• _Work instructions_: Once you reach the line with "Finca El Lance", copy it and every line after it exactly, up to the end of the data. Omit the pictures.

Data extracted from a collection
§
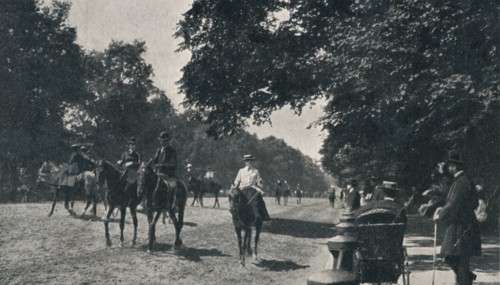 'Rotten Row, Hyde Park', c1900. Artist: Unknown.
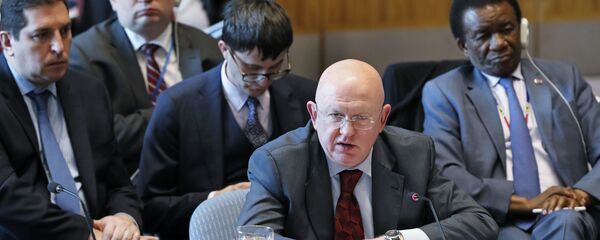 Vassili Nebenzia - Sputnik Afrique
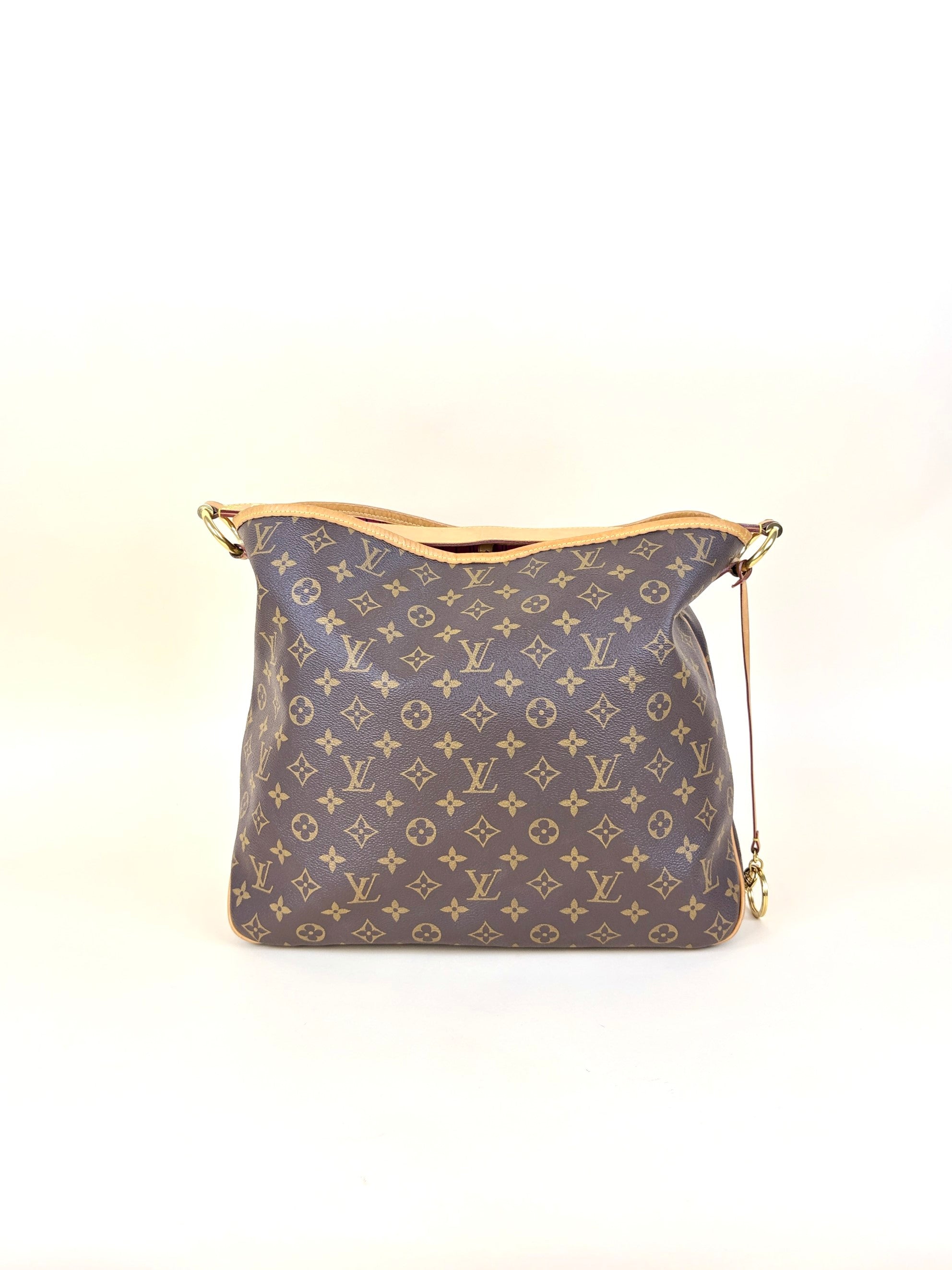 Louis Vuitton Monogram Delightful MM Shoulder Bag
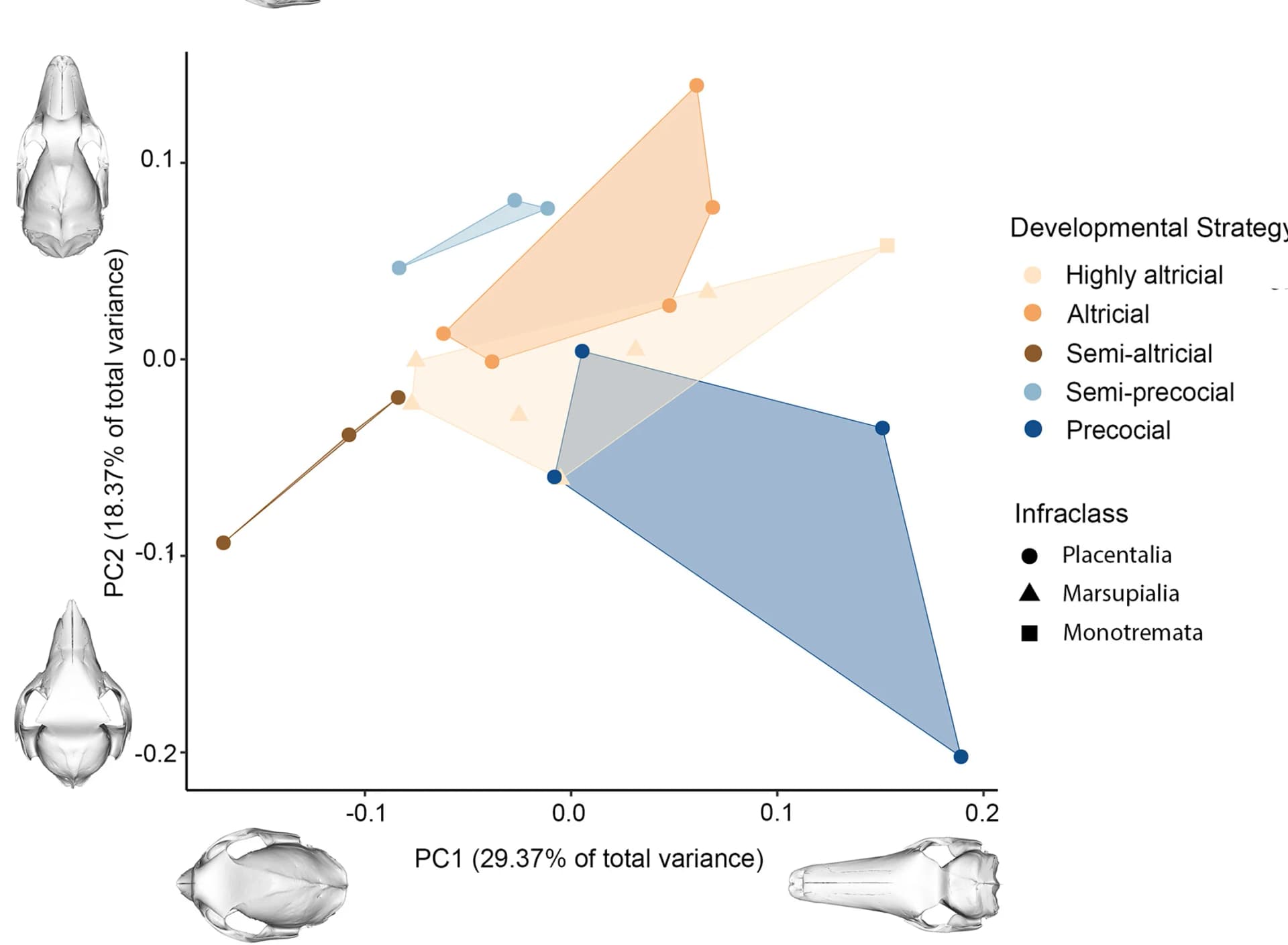 Open access visualization of Scatter Plot, PCA, Principal-component analysis, Cranial landmark, Adult specimens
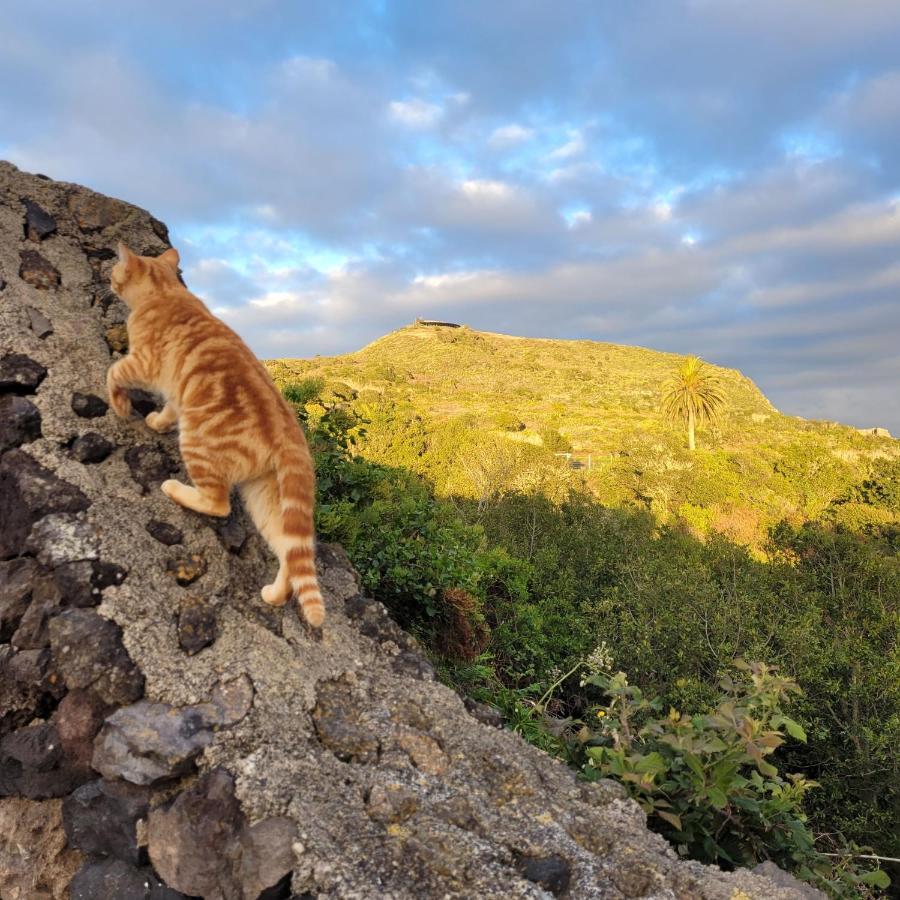 Finca El Lance El Tanque Εξωτερικό φωτογραφία
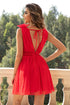 'Vania' Sleeveless Mesh Dress - Celes Fashion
§
• _Written response_:
 Finca El Lance El Tanque Εξωτερικό φωτογραφία
 'Vania' Sleeveless Mesh Dress - Celes Fashion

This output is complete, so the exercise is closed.